I once asked a friend, and an 'uncle' in this business of writing, how he copes with being a journalist, owner of a Public Relations company, editor, and reviewer (and some other things I might have missed) while chunking out numerous poems and even short stories. He smiled slyly like he has the key to a stolen chest. It took a while, but now I have interpreted that smile into; boredom of routine gives credence to your emotion and you come home writing furiously like it is the only hope to staying alive.
There’s also the place of reading—while others watch the sorry sight of the city and its journey into renewal, the inhibited writer is engrossed in a book on a city bus, even where she’s fastened between two ample-sized commuters who can’t understand why anyone is bent on reading, in that state; hot weather, stuffy bus and smelly roadside. Nah!

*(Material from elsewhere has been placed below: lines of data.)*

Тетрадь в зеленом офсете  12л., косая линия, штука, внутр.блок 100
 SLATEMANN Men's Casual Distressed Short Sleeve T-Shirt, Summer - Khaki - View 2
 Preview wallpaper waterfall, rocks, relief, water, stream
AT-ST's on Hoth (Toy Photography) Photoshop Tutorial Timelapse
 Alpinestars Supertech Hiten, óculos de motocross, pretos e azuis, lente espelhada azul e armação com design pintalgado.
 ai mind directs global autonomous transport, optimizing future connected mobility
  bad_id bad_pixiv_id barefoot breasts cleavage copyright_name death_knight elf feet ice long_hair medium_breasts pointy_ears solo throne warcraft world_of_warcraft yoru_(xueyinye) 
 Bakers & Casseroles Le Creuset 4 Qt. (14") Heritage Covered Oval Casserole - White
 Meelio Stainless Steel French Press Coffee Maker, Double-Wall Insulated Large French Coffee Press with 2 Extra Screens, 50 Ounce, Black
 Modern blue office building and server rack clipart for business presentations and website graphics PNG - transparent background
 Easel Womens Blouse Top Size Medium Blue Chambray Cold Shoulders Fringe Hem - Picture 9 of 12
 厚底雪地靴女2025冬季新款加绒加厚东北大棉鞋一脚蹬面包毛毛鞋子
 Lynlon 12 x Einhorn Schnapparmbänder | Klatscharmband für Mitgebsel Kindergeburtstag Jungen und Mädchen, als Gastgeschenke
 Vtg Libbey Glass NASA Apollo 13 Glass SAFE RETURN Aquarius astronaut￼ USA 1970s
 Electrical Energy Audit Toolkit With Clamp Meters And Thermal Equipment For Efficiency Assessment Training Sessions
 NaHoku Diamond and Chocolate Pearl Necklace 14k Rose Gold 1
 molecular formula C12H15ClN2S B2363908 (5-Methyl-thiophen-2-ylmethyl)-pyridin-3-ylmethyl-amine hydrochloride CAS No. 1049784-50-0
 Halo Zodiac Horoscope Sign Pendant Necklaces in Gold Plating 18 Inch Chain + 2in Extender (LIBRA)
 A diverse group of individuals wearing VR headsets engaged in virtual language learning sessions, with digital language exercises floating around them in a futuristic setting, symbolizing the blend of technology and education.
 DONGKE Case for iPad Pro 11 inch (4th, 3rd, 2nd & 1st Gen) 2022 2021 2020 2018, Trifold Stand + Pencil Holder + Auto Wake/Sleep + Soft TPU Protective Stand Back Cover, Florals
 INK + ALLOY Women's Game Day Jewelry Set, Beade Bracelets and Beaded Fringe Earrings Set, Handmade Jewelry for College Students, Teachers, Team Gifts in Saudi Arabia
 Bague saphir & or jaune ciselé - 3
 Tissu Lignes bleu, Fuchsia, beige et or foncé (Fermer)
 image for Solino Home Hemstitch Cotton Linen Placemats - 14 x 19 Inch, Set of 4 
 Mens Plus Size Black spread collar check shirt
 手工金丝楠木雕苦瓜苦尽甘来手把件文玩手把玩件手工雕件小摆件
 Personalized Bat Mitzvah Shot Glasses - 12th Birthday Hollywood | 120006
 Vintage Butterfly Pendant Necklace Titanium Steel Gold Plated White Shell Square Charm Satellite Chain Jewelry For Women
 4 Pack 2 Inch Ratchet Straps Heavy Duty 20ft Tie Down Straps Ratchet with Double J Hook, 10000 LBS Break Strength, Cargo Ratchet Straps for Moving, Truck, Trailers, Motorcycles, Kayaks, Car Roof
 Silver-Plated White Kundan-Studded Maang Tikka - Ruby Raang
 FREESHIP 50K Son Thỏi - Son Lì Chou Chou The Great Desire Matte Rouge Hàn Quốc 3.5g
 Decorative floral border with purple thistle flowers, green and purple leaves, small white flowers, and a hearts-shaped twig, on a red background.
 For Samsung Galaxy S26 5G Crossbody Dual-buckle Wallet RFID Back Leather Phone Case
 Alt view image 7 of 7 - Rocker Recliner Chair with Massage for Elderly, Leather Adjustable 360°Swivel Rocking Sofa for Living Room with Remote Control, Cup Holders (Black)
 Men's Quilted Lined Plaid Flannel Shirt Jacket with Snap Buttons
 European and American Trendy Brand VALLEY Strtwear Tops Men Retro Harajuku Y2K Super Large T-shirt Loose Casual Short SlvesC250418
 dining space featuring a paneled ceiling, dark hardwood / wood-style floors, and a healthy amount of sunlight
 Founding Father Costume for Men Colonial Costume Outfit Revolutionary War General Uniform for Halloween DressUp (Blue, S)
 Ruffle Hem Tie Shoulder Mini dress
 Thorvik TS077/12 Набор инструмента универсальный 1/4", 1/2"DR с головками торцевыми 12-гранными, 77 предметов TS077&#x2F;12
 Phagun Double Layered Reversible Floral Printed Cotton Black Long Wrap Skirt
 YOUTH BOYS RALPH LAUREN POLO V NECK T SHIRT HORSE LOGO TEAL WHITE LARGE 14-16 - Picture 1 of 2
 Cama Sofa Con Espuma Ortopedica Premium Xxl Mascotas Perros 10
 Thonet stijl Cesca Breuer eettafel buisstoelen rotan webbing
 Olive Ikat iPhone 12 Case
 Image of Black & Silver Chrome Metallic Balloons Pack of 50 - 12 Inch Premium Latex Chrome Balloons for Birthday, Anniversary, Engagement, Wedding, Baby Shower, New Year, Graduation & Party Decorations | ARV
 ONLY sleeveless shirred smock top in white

But, faced with the music of either dance or drown and strangled daily with ideas on the road to subsistence. I keep my sanity with reading on a bus anyhow.
Time is short these days and it is not about dying or growing old. It is about not knowing where the next Other project will take me and how long, bearing in mind that only a living soul can write, so here I am fighting between proposals and poetry and the new ideas that boggle my mind for narration.
At times, I fear that I must come across as a bit weird to my clients, but one thing I have always reminded myself is; dedication to what you do is very important. I seem to have fared well, as I get a pat on my back and a pay cheque (that keeps me hoping for the big one). I am of faith that there’s some sunshine there.
I am certainly not the only writer who has each time pondered over why such a big burden of seeing what others don’t see, yet be denied as much pay check to even cater for humble needs, except you follow the rule of being ‘unnecessarily lazy and find a decent job.’ After all, it's just a romantic notion of reality written in stanzas or into a story.
Writing is a decent job! There are no smudges. (Except when the job is done and the reviews are unfriendly of course). And seriously, don't the many sleepless nights count. In those times of needful solitude; how does one explain that the absentmindedness and daydreams are as important to my work as endless dinners to meeting new clients are essential.
I am going to make a New Year resolution to remain a full-time writer next year in Nigeria. I am also going to learn the sax and build myself a gramophone and rewrite the Theory of Relativity and write poetry on the walls of Lagos and anyway, from then on, I don’t think it is going to be hard introducing what I do to people henceforth—I am a poet and I just finished writing a novel, which is in itself, still a work-in-progress until published. I do a bit of this and that and, I write.